And so the baser nature within her triumphs, and the better nature dies; crushed out by passions too consuming to bear contradiction. Alas, poor Olga! So to her has come the lesson, that not even the fairest charms of woman's beauty and purity can bind the constancy of one, who, knowing his legal rights secure, scorns to keep them intact, and throws fidelity to the winds in the indulgence of the moment.
Well may the old despairing cry break from her in her splendour and loneliness, as she thinks of the time when Vladimir loved her, and her faith and trust in him were still unbroken:
"Eheu fugaces! Postume, Postume! Oh, for the days that are lost to me, lost to me!"
Brilliant indeed was the scene within the Onyx Hall, of the Winter Palace, on that New Year's night, the morning of which had seen the completion of Ivor Tolskoi's highest hopes. The bride and her husband were already far on their way towards those vast possessions on the Ural frontier, of which Ivor was so justly proud; but the time-honoured ceremonies of the festa were no less gay and joyous because shorn of Olga's fair presence.
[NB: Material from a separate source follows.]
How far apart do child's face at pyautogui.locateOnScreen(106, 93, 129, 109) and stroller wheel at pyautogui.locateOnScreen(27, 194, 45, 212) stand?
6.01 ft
The great Onyx Hall was filled with guests, awaiting the magic signal, gathered together in groups, chatting, laughing, intriguing, while ever nearer and nearer the hands on the dial of the large gold incrusted clock, standing at one end of the apartment, crept on to the hour of midnight. Suddenly a single stroke from the great bells of Isaac's Church, rang out, and a hush fell upon the waiting assembly; the clock chimed deep and full—twelve slow notes, whose dying echoes were caught up and thundered back by twelve salutes from the guns of Petropavlovsk, broken here and there by the triumphant strains, "How glorious is our Lord in Zion!" And as these died away the cathedral chimes broke forth in resonant glad music.
Simultaneously the folding doors at the top of the great hall were thrown open, and the Tsar entered, with the Empress leaning on his arm, and followed by the Imperial family. Passing down between the double lines of the Preobrashensky Grenadiers, and the Semenoffskoie Guards, drawn up on either side, his Majesty walked up to the chief actor in this brilliant pageant, and, halting before the tiny figure of the smallest cadet in the Russian army, dressed in the historical uniform of the Emperor Paul's Grenadiers, bent down over the mimic warrior and bestowed upon him the kiss of peace.
At this mark of kindly condescension the trumpets burst forth in a grand flourish, the bands struck up the spirited national air, and all the guests cried out with one accord:
"Many years to the Tsar! Health we wish your Imperial Majesty!"
And thus the first day of the New Year sinks to rest, crowned by the old but ever fresh benison, "Peace on earth, to men of good will."